What is needed:
Look for the line with "Wide Leg Jeans Blue" in the entries below, then extract that line and all lines after it exactly, with pictures left out.
== Material shown ==
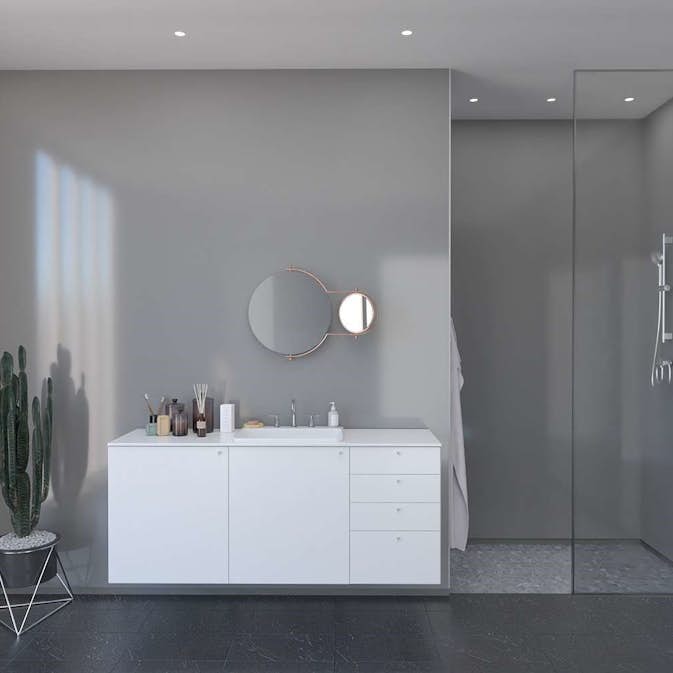 Baderomspanel Fibo 4063-00 Clean Grey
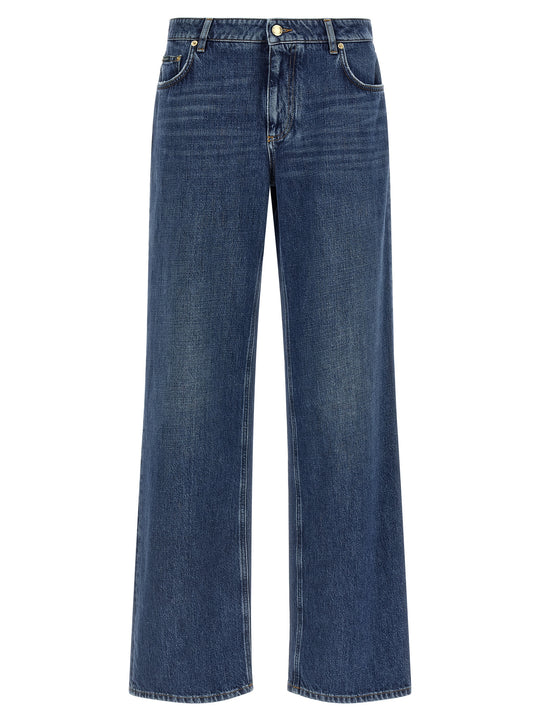 Wide Leg Jeans Blue
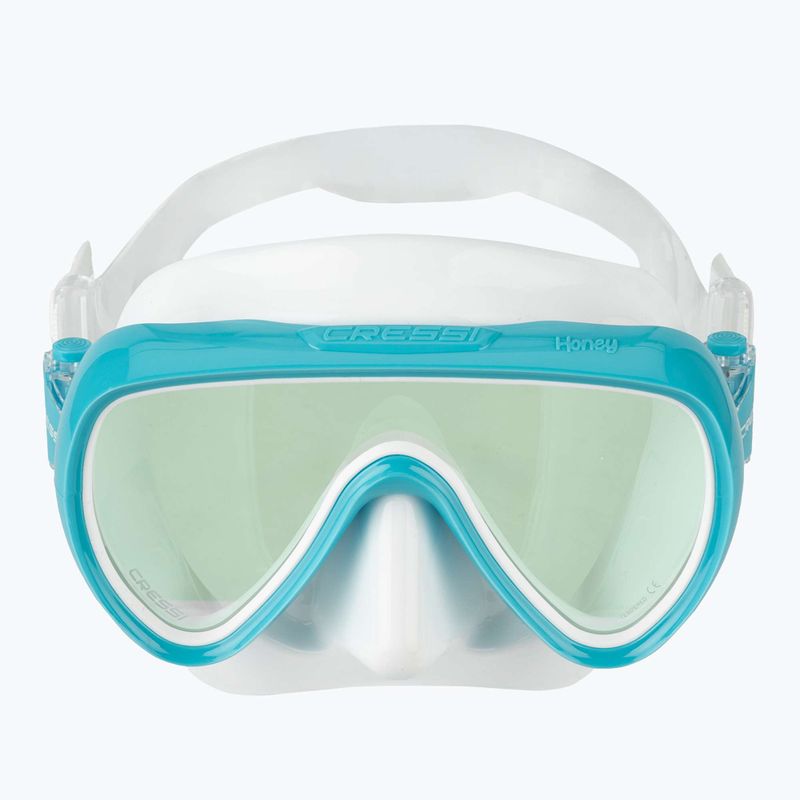 Tauchermaske Damen Cressi Honey 420 UV white/aquamarine/blue/orange 2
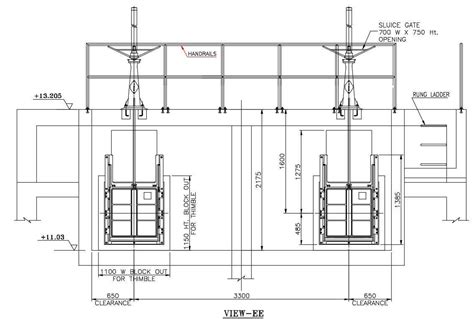 Sluice Gate Design Drawings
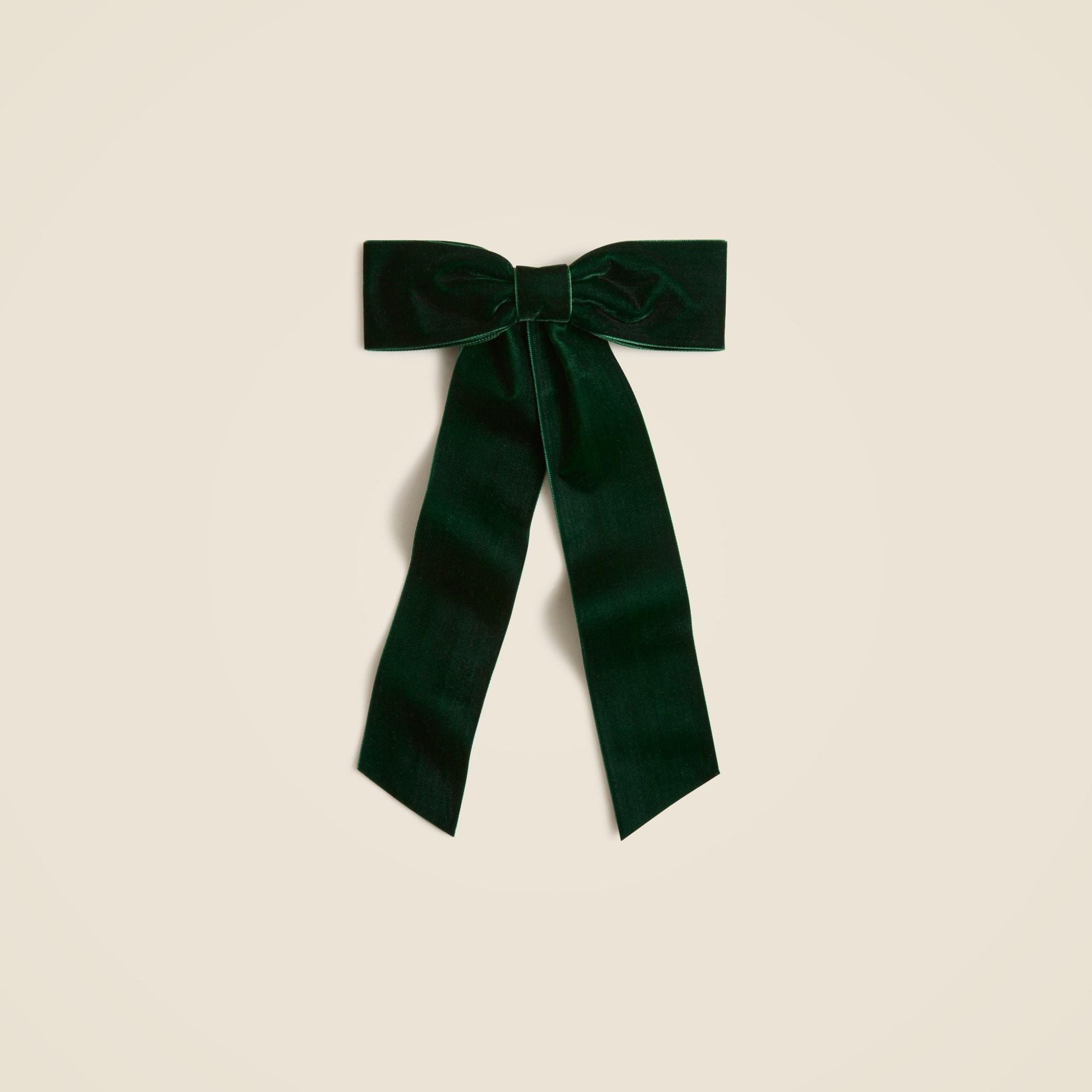 Velvet bow hair clip Product Image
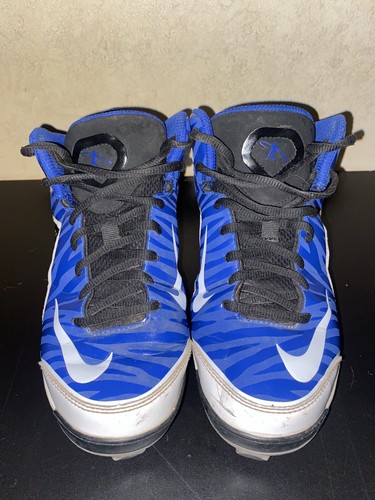 nike swingman cleats Blue And Black 
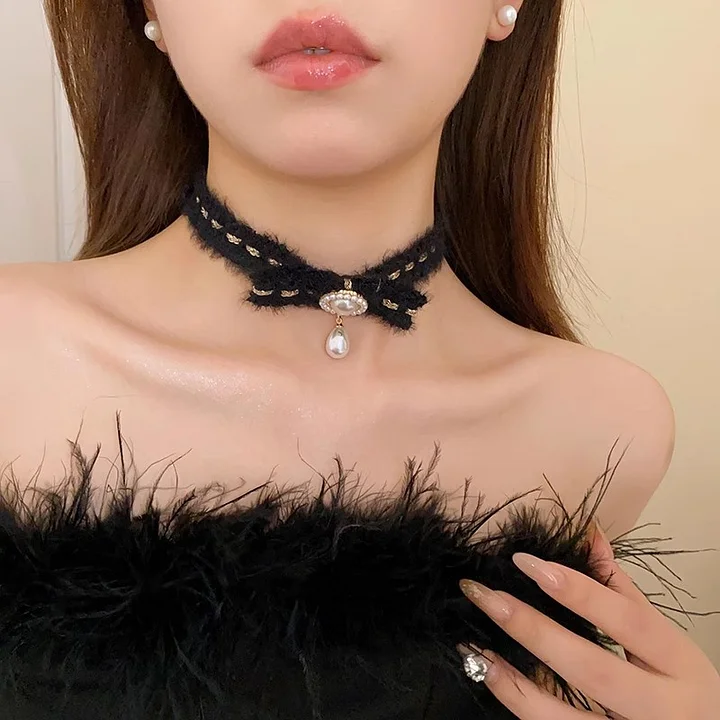 Lolita Necklace Winter Plus Choker Collar Lolita Accessories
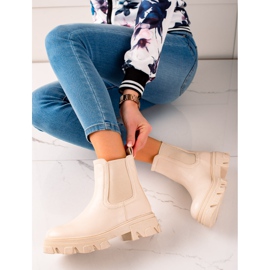 Seastar Modne čizme Chelsea na platformi bež 1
===
Task response:
 Wide Leg Jeans Blue
 Tauchermaske Damen Cressi Honey 420 UV white/aquamarine/blue/orange 2
 Sluice Gate Design Drawings
 Velvet bow hair clip Product Image
 nike swingman cleats Blue And Black 
 Lolita Necklace Winter Plus Choker Collar Lolita Accessories
 Seastar Modne čizme Chelsea na platformi bež 1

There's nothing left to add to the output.